Thanks to UCSB’s recent effort to expand its online database, music and history buffs around the world are now free to download over 5,500 historical audio files recorded between 1894 and 1923.

The audio archive, which features a wide variety of musical and spoken selections including ragtime, jazz and famous speeches, is part of an extension of Davidson Library’s online directory that was first created in November 2005, Project Director David Seubert said. Users can stream or download any of the files onto a home computer for free from www.cylinders.library.ucsb.edu.

All of the files in the database are digitized versions of recordings made on “audio cylinders” – an early form of sound recording about the size of a soda can with grooves around the side that would spin on its long axis when played on a phonograph.

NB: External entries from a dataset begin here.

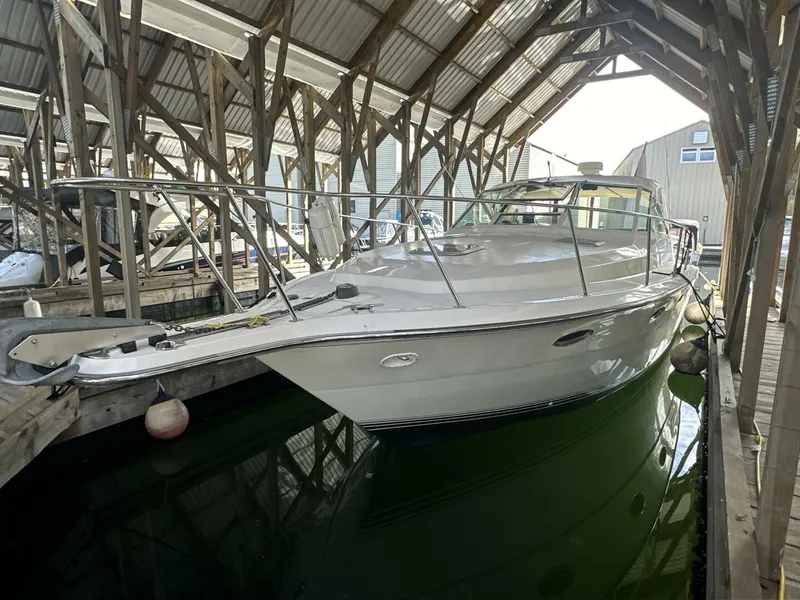 Slide: The Image of Tiara 3300 Open 1988 - 4706025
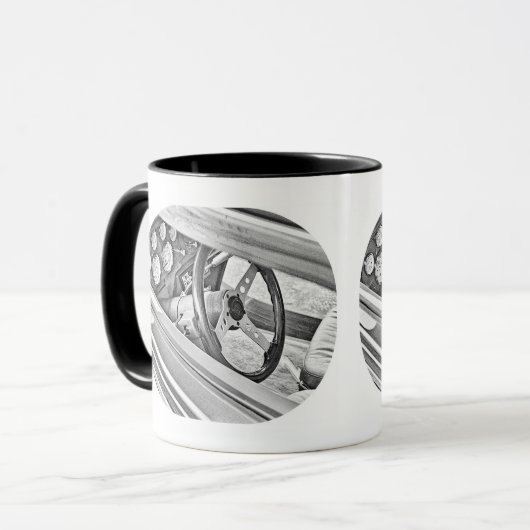 Klassiek auto Uitzicht in het raam van de bestuurd Mok (Voorkant links)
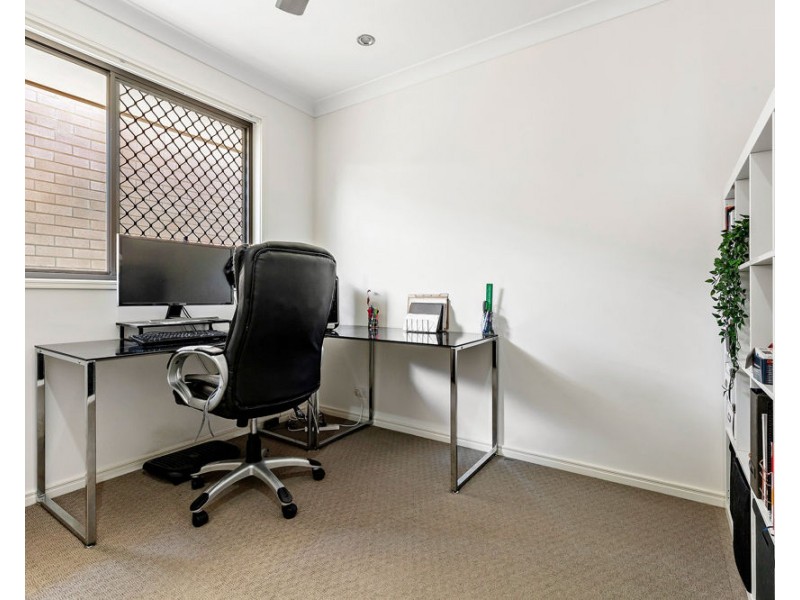 33 Arnaldo Avenue, Augustine Heights QLD 4300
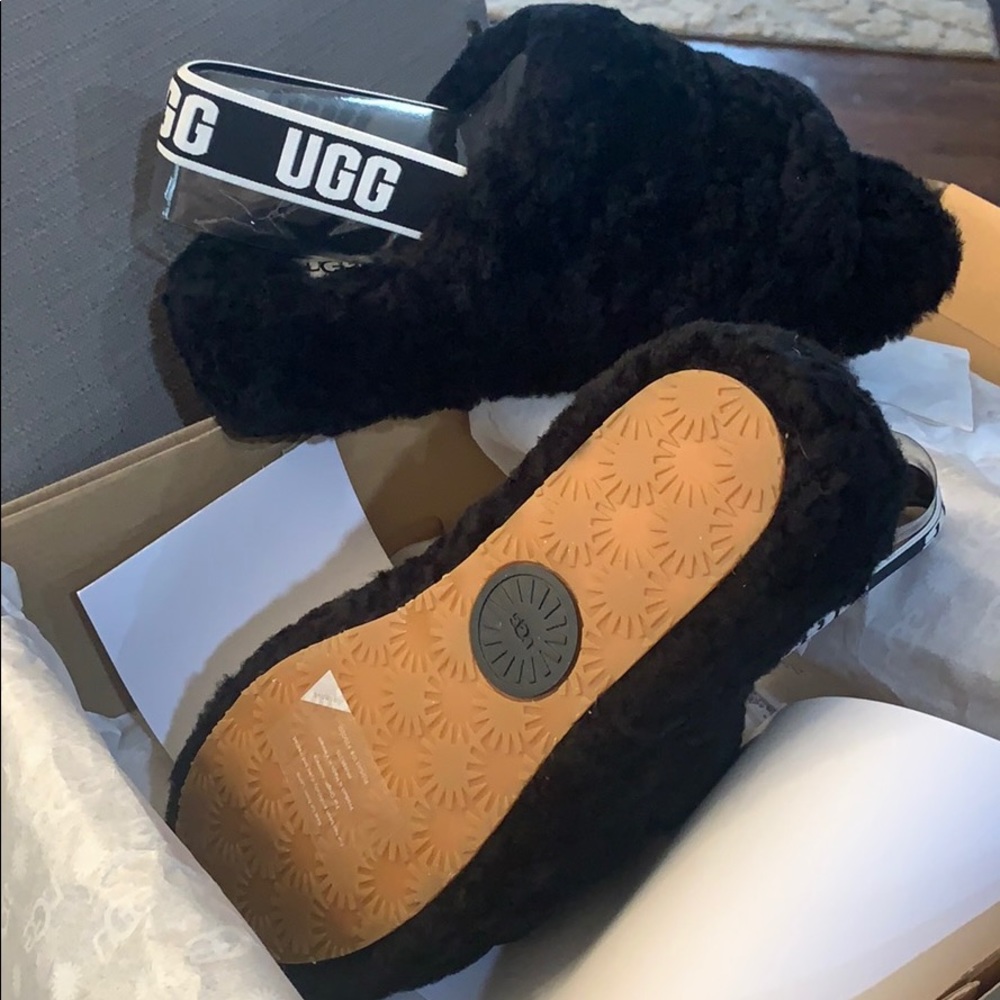 UGG with fluff yeah slide - Picture 2 of 3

Noah Pollaczek, an audio technician, said he transferred the data from the cylinders to a computer using a machine called an archeophone. He said the process is challenging because some of the material is over 100 years old.

“I clean [the audio files] up by removing their snap, crackle and pop as best as possible, creating MP3 and QuickTime files for each original cylinder, and finally placing all of them on the websites,” Pollaczek said.

Seubert said nearly 7,000 cylinders are currently stored in the preservation lab of the Davidson Library – the third largest collection of such recordings in the country.

“Whether or not you’re a music student, the website provides a unique history of context to the time period,” Seubert said. “You can go to the site and look for some of the earliest jazz recordings.”

The website, which has seen over 800,000 hits and 200,000 downloads since November, provides a search engine for users to find audio files from various artists, composers and genres, Seubert said.

The historic recordings provide a unique perspective on the popular culture and important issues of a given time period, Seubert said.

“If you go back and listen to a song called “Come Josephine in My Flying Machine,” from 100 years ago, airplanes were brand new, and the fact that they show up in popular song … you can see how the times have changed,” Seubert said. “You can hear songs about automobiles and airplanes and see how people reacted to technology back then, as well as social changes and racial changes.”

The audio cylinder database has garnered favorable reviews from the press, Seubert said.

“Slate magazine … in a year-end wrap-up of things that happened in 2005, said that [the database was] one of 2005’s most notable cultural happenings,” Seubert said.

Pollaczek said the site will continue to add recordings from the Davidson Library’s collection of cylinders in the future, including a selection of songs from World War I.